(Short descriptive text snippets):

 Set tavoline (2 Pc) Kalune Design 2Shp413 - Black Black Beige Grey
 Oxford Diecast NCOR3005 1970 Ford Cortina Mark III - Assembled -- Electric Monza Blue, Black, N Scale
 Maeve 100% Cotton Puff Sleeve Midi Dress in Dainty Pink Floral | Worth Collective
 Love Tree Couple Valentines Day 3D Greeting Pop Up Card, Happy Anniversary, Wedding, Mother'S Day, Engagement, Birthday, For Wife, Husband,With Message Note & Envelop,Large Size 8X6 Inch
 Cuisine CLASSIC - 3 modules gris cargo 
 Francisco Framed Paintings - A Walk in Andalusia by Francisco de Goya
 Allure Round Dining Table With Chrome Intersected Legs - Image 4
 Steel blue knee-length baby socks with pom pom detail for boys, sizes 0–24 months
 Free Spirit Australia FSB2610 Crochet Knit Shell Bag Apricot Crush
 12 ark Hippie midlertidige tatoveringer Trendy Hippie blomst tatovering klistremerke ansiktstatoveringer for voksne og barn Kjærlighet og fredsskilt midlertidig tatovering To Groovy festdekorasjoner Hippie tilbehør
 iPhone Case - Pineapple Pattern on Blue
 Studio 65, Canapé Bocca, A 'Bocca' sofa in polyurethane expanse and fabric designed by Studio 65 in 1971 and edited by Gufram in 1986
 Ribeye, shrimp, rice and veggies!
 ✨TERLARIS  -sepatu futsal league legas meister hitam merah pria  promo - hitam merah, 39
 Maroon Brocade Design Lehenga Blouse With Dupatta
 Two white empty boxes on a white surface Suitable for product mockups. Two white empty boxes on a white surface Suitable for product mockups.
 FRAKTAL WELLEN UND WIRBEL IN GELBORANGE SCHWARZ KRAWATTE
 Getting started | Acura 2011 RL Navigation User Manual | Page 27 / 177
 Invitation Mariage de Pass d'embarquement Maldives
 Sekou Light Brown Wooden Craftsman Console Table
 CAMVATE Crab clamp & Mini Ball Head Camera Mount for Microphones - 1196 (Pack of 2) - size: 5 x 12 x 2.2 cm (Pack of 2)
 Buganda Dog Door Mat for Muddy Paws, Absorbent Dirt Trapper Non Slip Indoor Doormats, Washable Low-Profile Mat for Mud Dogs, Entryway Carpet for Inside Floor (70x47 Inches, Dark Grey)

(WHAT YOU ARE ASKED TO DO): Repeat word for word every line from the start of the entries to the line holding "Francisco Framed Paintings", inclusive, and nothing else.

(FINISHED TASK):
 Set tavoline (2 Pc) Kalune Design 2Shp413 - Black Black Beige Grey
 Oxford Diecast NCOR3005 1970 Ford Cortina Mark III - Assembled -- Electric Monza Blue, Black, N Scale
 Maeve 100% Cotton Puff Sleeve Midi Dress in Dainty Pink Floral | Worth Collective
 Love Tree Couple Valentines Day 3D Greeting Pop Up Card, Happy Anniversary, Wedding, Mother'S Day, Engagement, Birthday, For Wife, Husband,With Message Note & Envelop,Large Size 8X6 Inch
 Cuisine CLASSIC - 3 modules gris cargo 
 Francisco Framed Paintings - A Walk in Andalusia by Francisco de Goya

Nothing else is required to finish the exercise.